§ Problem description
Set down exactly the lines from the one containing "YAMAHA MT-10SP 2017 - zdjęcie 3" to the final line of the records below, with every picture omitted.

§ Stored dataset items
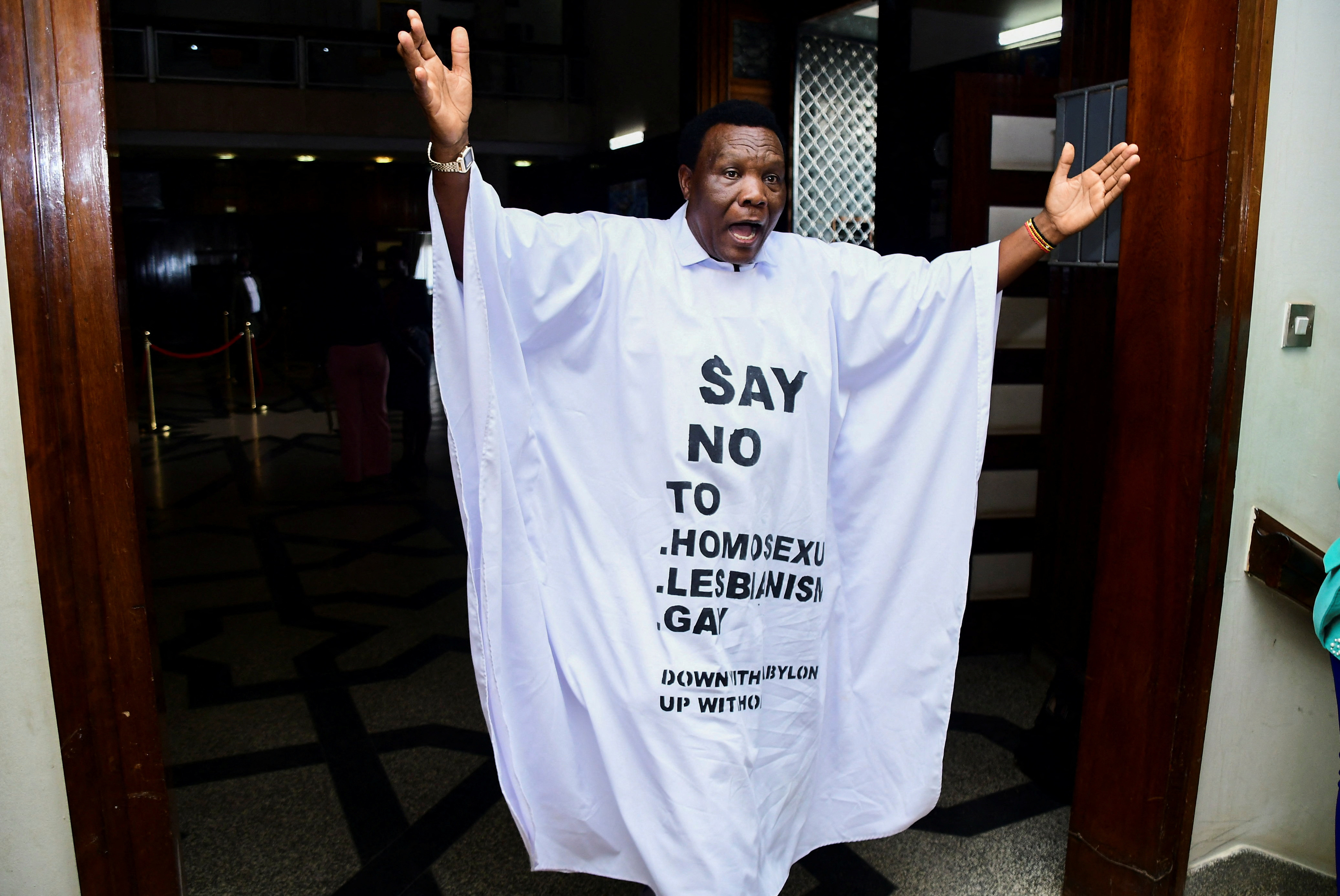 Uganda castigará homosexualidad con pena de muerte: ¿en qué otros países sucede lo mismo?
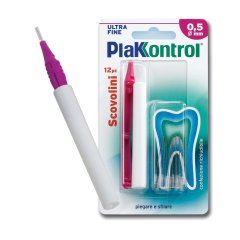 plakkontrol scov 0,5mm 12pz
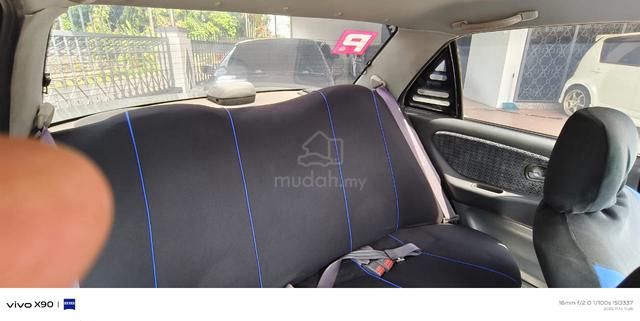 2002 Proton WIRA 1.5 A/B GLi (M) - 5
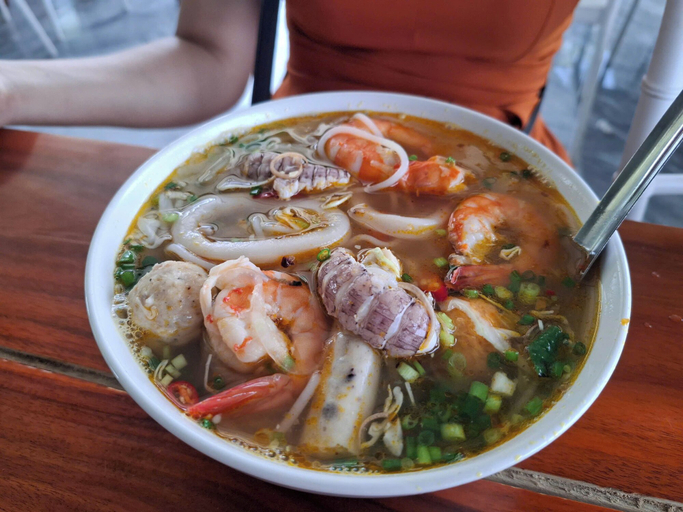 Food & Drinks 5, Flamingo Ibiza Party Resort, Hoằng Hóa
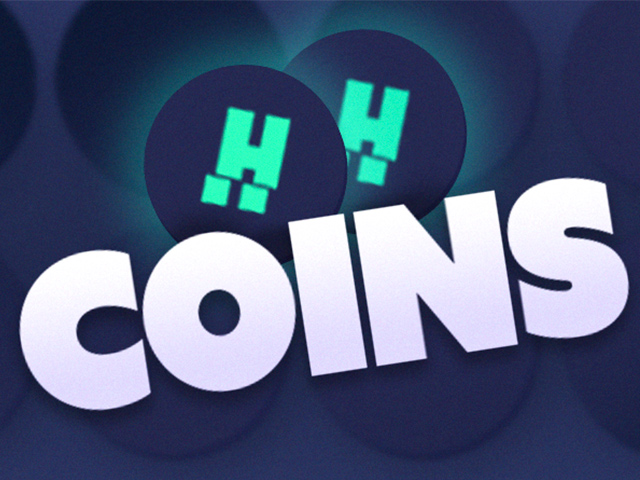 Coins Arcades  (HacksawGaming)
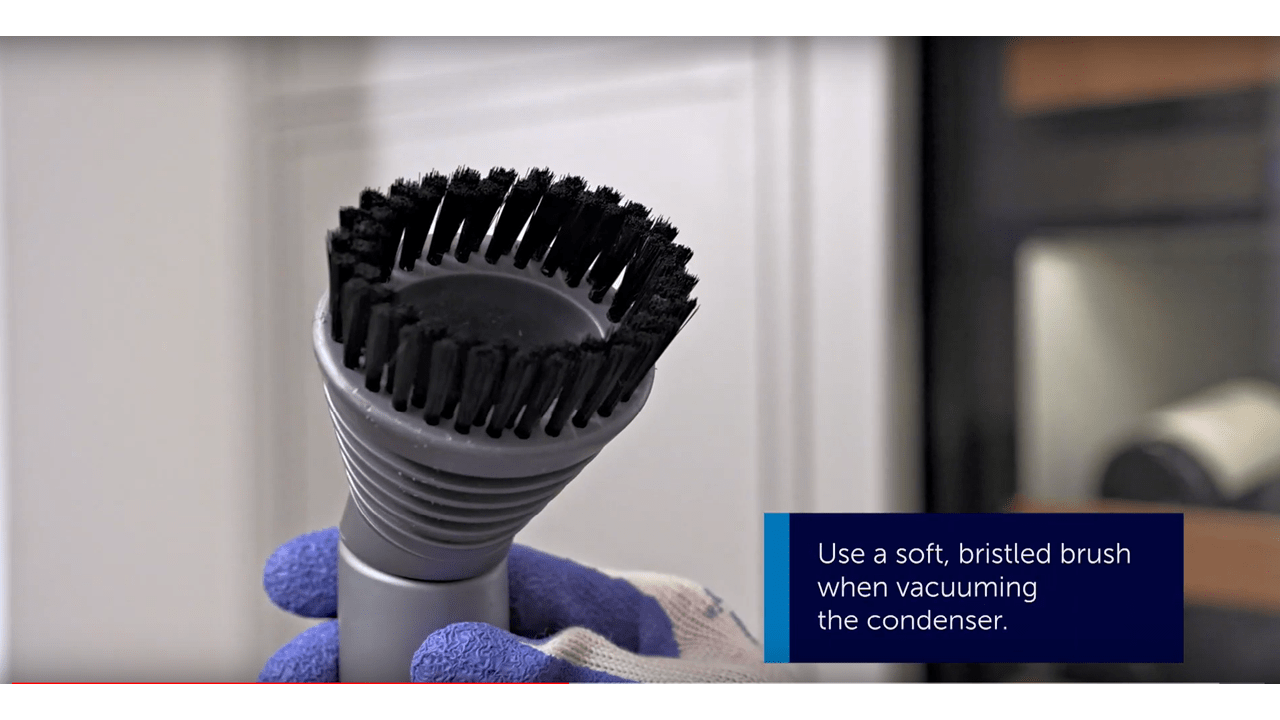 SubZero Wine Storage How To Clean Condenser Video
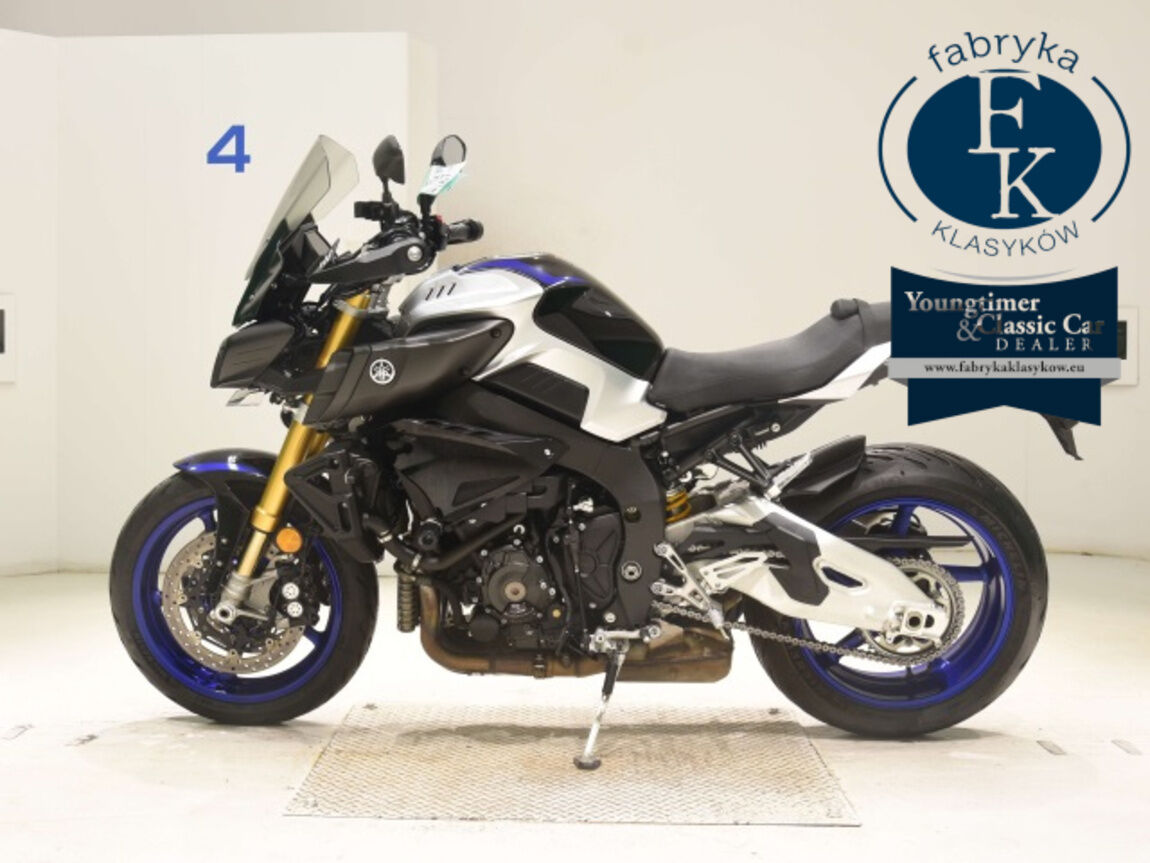 YAMAHA MT-10SP 2017 - zdjęcie 3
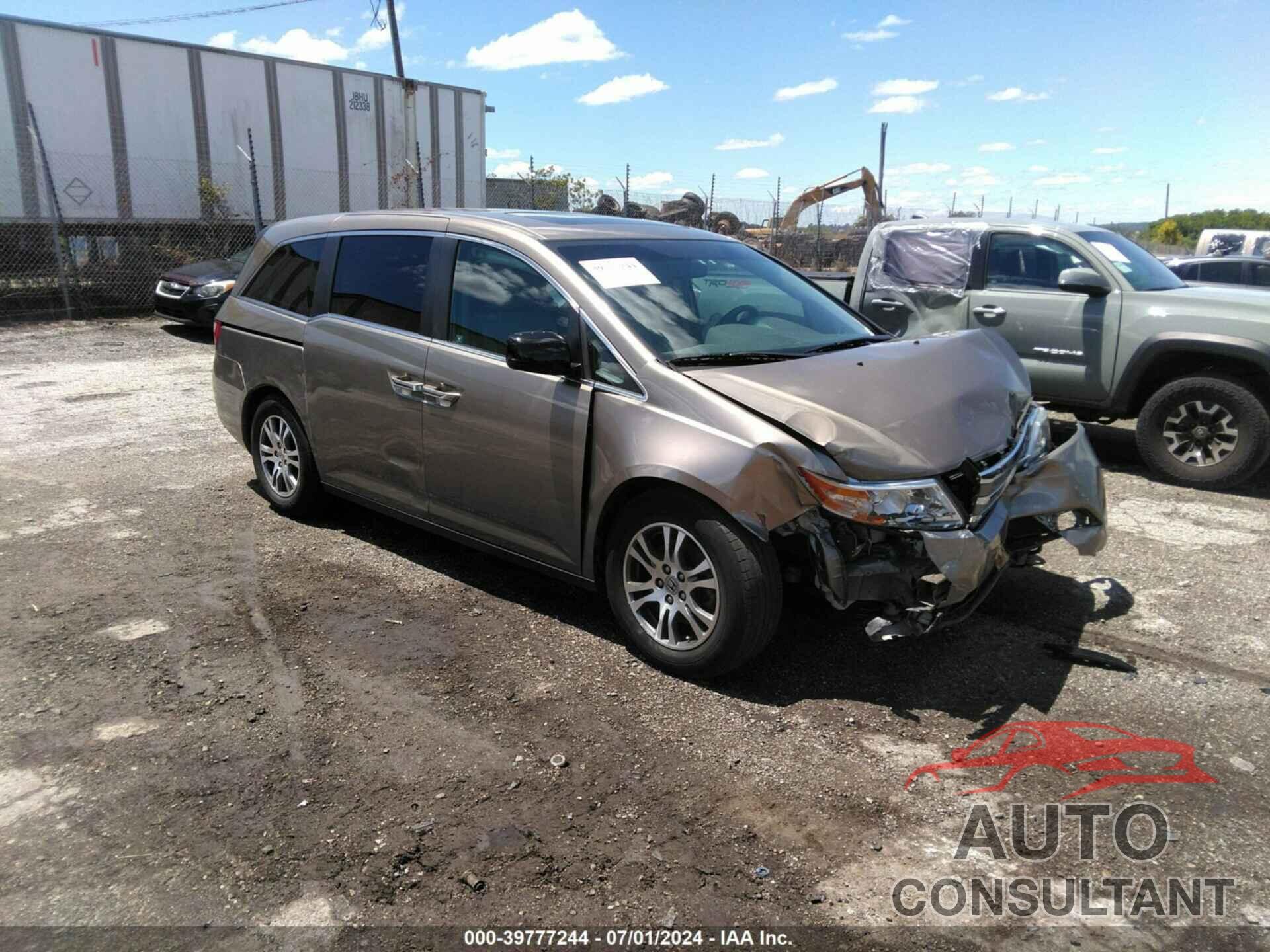 HONDA ODYSSEY 2012 - 5FNRL5H61CB138981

§ Reply to the exercise
 YAMAHA MT-10SP 2017 - zdjęcie 3
 HONDA ODYSSEY 2012 - 5FNRL5H61CB138981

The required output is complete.